A vulnerable housing market during a struggling economy leaves many residents penny-pinching in order to prepare themselves for the risk of falling too far behind on housing payments.
According to RealtyTrac, an online marketplace for foreclosure properties, North Bergen had the highest percentage of foreclosures within Hudson County in July, with one in every 1,975 housing units, or 12 properties in town, in the process of being foreclosed.
“We have so much traffic coming into the office.” – Rosa Rooney, Executive Director, Hudson County Housing Resource Center
Is it the calm before the storm?
According to an Aug. 11 report released by RealtyTrac, the United States saw a decrease in foreclosures last month.
“July foreclosure activity dropped 35 percent from a year ago, marking the 10th straight month of year-over-year decreases in foreclosure activity and the lowest monthly total since November 2007,” said James J. Saccacio, chief executive officer of RealtyTrac, in the report.
Saccacio attributed the decrease to a foreclosure processing delay, as well as national prevention efforts.

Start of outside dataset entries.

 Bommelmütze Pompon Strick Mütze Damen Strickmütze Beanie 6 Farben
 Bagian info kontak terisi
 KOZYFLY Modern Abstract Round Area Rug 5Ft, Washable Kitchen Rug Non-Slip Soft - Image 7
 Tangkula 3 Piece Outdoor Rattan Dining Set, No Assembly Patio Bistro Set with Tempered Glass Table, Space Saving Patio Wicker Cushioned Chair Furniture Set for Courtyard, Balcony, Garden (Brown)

But he added that the decrease in foreclosure activities is not a sign of an economic rebound.
“Unfortunately, the falloff in foreclosures is not based on a robust recovery in the housing market but on short-term interventions and delays that will extend the current housing market woes into 2012 and beyond,” said Saccacio in the report.
Preventative measures are out there
With the highest reported rates within Hudson County, and market troubles expected to continue, North Bergen residents may worry that their homes are not safe.

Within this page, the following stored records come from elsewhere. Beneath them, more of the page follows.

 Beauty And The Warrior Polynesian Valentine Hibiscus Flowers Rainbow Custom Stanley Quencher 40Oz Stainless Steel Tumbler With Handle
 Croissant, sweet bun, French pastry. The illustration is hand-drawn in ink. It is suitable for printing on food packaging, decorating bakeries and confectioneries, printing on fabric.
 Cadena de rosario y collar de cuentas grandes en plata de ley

“I cannot think of any reason why the foreclosure rate would be higher here except that it may be something of a statistical anomaly,” said North Bergen town spokesman Phil Swibinski.

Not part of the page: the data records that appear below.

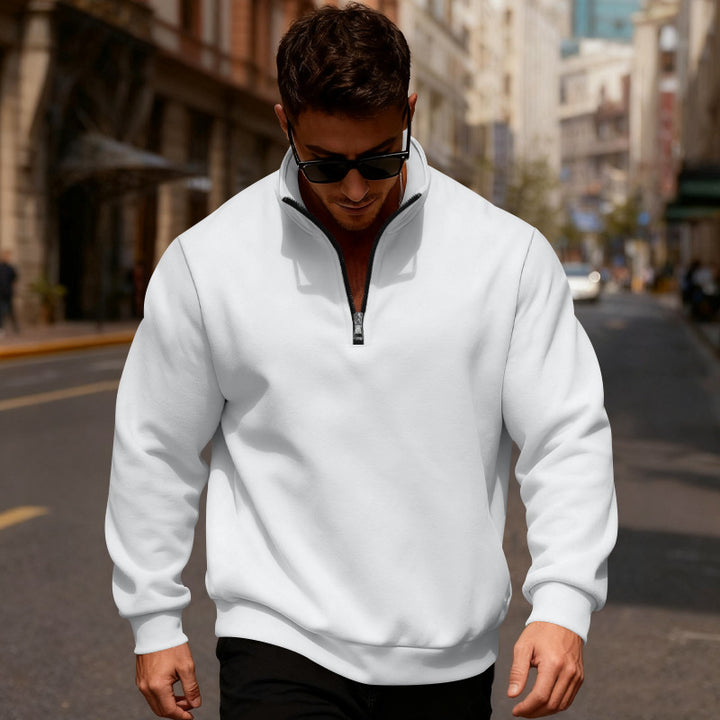 Herren Sweatpullover mit hohem Kragen und Reißverschluss Aliams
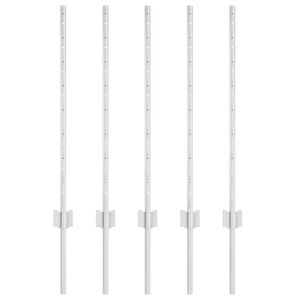vidaXL Embedded Fence Post 5 pcs Silver 120 cm Powder-Coated Steel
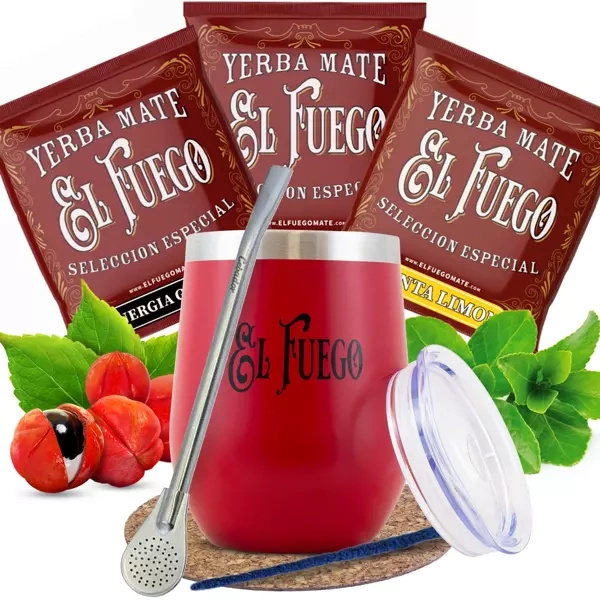 Набір Yerba Mate El Fuego: зразки 3x50г + TermoLid + Bombilla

Swibinski said that any residents who are at risk of foreclosure should seek guidance from the county’s Housing Resource Center, or the programs offered by the U.S. Department of Housing and Urban Development. Both organizations offer support and advice for homeowners who are falling behind on mortgage payments.
Created in 1991, the Hudson County Housing Resource Center is a non-profit organization that offers counseling, attorneys, and mediators to all residents.
“We must have at least 20 active files,” said Rosa Rooney, Executive Director of the Housing Resource Center. “We have so much traffic coming into the office.
Rooney also echoed Saccacio’s claims that banks have fallen behind on foreclosures.
“The banks are close to three years now before they actually foreclose on a property,” said Rooney. “That’s how behind they are.”
Regardless of the current foreclosing delay, Rooney insists that when dealing with the threat of foreclosing, residents should seek help immediately.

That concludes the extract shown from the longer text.